Because I saw myself reflected in his eyes”.
I imagine sex stopped after the war
Before the war Sadie, never pretty, was at least polished – as was expected of her. After the war her revenge was to decline into squalor while Marcus kept up appearances: forever the Flaneur of Piccadilly and St. Denis. My grandmother in her eighties had uncombed hair and rheumy eyes, and lived in a greasy apron. Her most lethal weapon was her self- neglect. With this she attacked her husband’s fastidiousness and taste for Saville Row suits. (In this respect she was echoing the behaviour of her mother Martha).
I have considered Sadie’s dereliction. I think the real reason it happened was because she felt unloved – she had no one to be pretty for any more.
Only when very old did her husband allow himself the luxury of scruffiness. One day Grandpa emerged from the bedroom wearing his striped pyjamas, velvet slippers, camel hair dressing gown and beige beret. He lived like that for the rest of his life and never got dressed again.
Sadie gave me two antique table cloths when I got married – both purchased when she married. One was pale blue silk brocade, the other hand-embroidered linen with a cross-stitch pattern. As she gave them to me she whispered “don’t tell Grandpa”. I still have them both and will pass them on to my daughter, whom I hope will pass them on to her daughter.
In our teens Jackie and I would regularly catch three buses to go and visit our grandparents – sometimes together and sometimes alone. And not just out of a sense of duty. For some perverse reason (nobody else understood this) I was drawn to my grandmother. I acquired a taste for her cynicism and vitriolic wit, although the conversation was always one-way.

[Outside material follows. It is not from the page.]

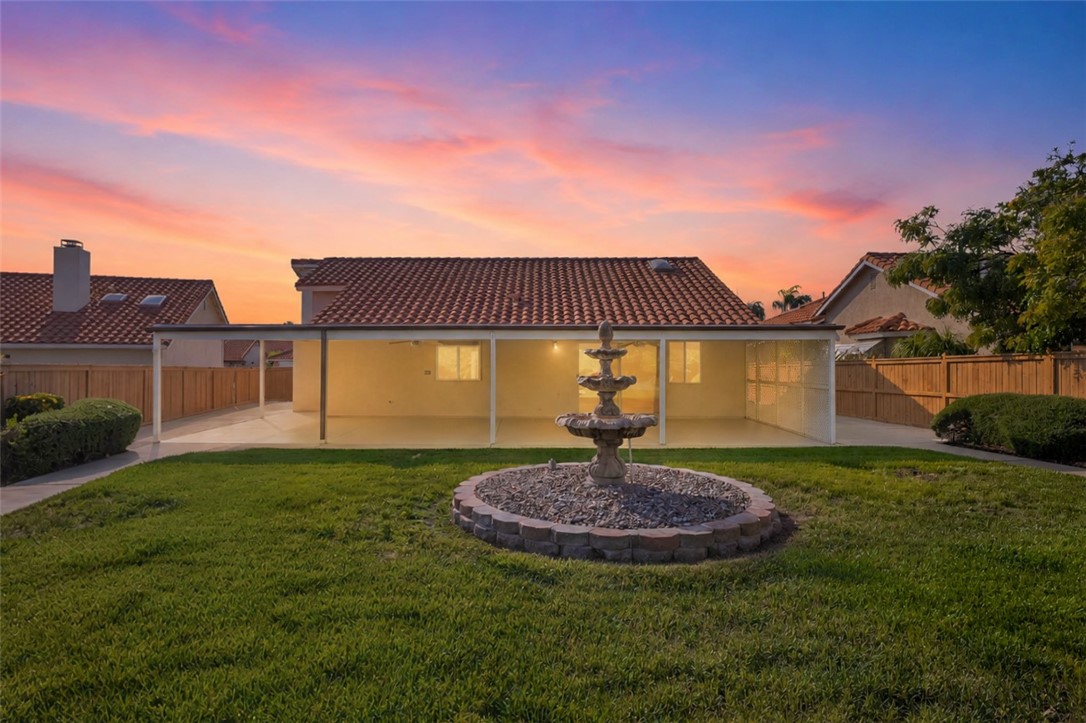 29264 Cool Creek Drive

Sadie became overweight, with the largest breasts I had ever seen. She was mildly diabetic but had a sweet tooth, so Jackie and I took her gifts of diabetic chocolate and jars of jam hunted down in various chemists (not great places for confectionary). She became obsessed with her health and treated us to a regularly updated gazette of her pathologies, from head to toe, on every visit. I found it all fascinating.
In her old age Sadie erected such a dark filter around herself that you had to climb over her in order to get a clearer picture of the world. I don’t even want to begin to imagine what it must be like to lose one’s child, and I suppose the death of her devoted but unappreciated son must have dealt her a colossal blow.
One day she said to me "I’m tired and I don’t want to be alive any more”, and within two weeks she wasn’t.
Although no doubt you would comprehend, I doubt whether you would appreciate my saying that it was these very plagues: the chilblains, the varicose veins, the piles, the backache from hauling your vast bosom around, the headaches caused by repressed marital resentment, together with all your other woes and - it has to be said - your stories of pre-war France, your divine culinary skills and the fact that you always smelled of chicken soup - which enrich my memory and carry me back to my childhood.
I visited Grandma’s grave a few years ago and was surprised and delighted when she leapt almost fully fleshed out of her grave and said hello to me and for a moment I could hear, touch, smell and love her again.